In order to achieve the above object, the present invention provides a polylactic acid having a number average molecular weight of 10,000 to 100,000 or a copolymer of lactic acid and an oxycarboxylic acid. Thermoplastic resin as main component and number average molecular weight of 10,000 to 100,000
A biodegradable laminate, which is obtained by kneading the thermoplastic resin represented by the general formula (1) and a filler.

[Chemical 3]

According to the second aspect of the present invention, a thermoplastic resin containing polylactic acid having a number average molecular weight of 10,000 to 100,000 or a copolymer of lactic acid and oxycarboxylic acid as a main component, and a number average molecular weight of 25,000 to 70,000 are generally used. A biodegradable laminate, which is obtained by kneading a thermoplastic resin represented by formula (2) and a filler.

[Chemical 4]

According to a third aspect of the present invention, a thermoplastic resin containing polylactic acid having a number average molecular weight of 10,000 to 100,000 or a copolymer of lactic acid and oxycarboxylic acid as a main component, 3-hydroxyvalerate and 3-hydroxy. Biodegradable laminate comprising a degradable resin obtained by kneading an aliphatic polyester resin having a hydroxyalkanoate unit consisting of butyrate, 3-hydroxycaprolate and 3-hydroxyheptanoate and a filler. It is the body.

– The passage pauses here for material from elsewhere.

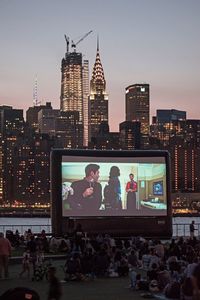 People on illuminated modern buildings in city against sky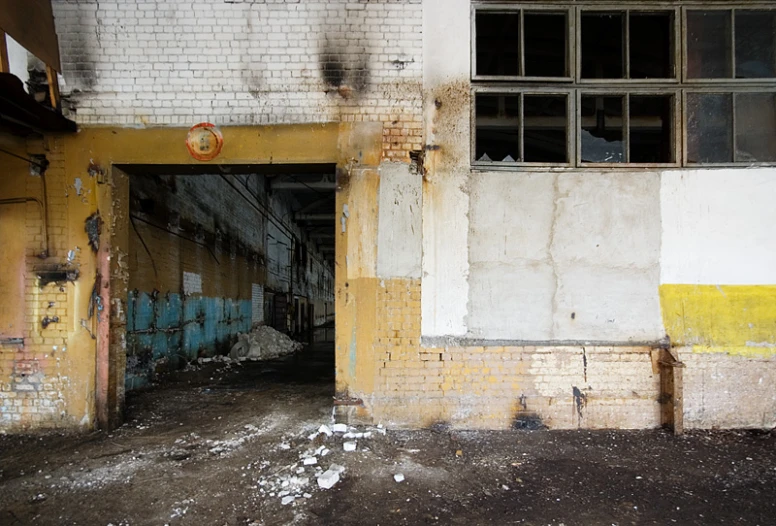 an old run down building with a large open door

The invention according to a fourth aspect is the first to the third aspects.
The biodegradable laminate according to any one of items 1 to 3 , wherein the lactic acid is D-lactic acid, L-lactic acid, or a mixture thereof .

The invention described in claim 5 is the invention as claimed in claims 1 to 3.
In the biodegradable laminate according to any one of the oxycarboxylic acid is glycolic acid or a 6-hydroxycaproic acid in the biodegradable laminate characterized by,
is there.

The invention according to a sixth aspect is the first to fifth aspects.
The biodegradable laminate according to any one of items 1 to 3 , wherein the thermoplastic resin and the filler are kneaded and then biaxially stretched .

According to a seventh aspect of the present invention, in the biodegradable laminate according to the third aspect, the hydroxyalkanoate unit is 3-hydroxyvalerate, 3-hydroxybutyrate, 3-hydroxycaprolate. , 3-
A biodegradable laminate comprising one or a mixture of two or more hydroxyheptanoates .

The invention according to claim 8 is the invention according to claims 1 to 7.
A biodegradable card comprising the biodegradable laminate according to any one of items 1 to 3 as a base material.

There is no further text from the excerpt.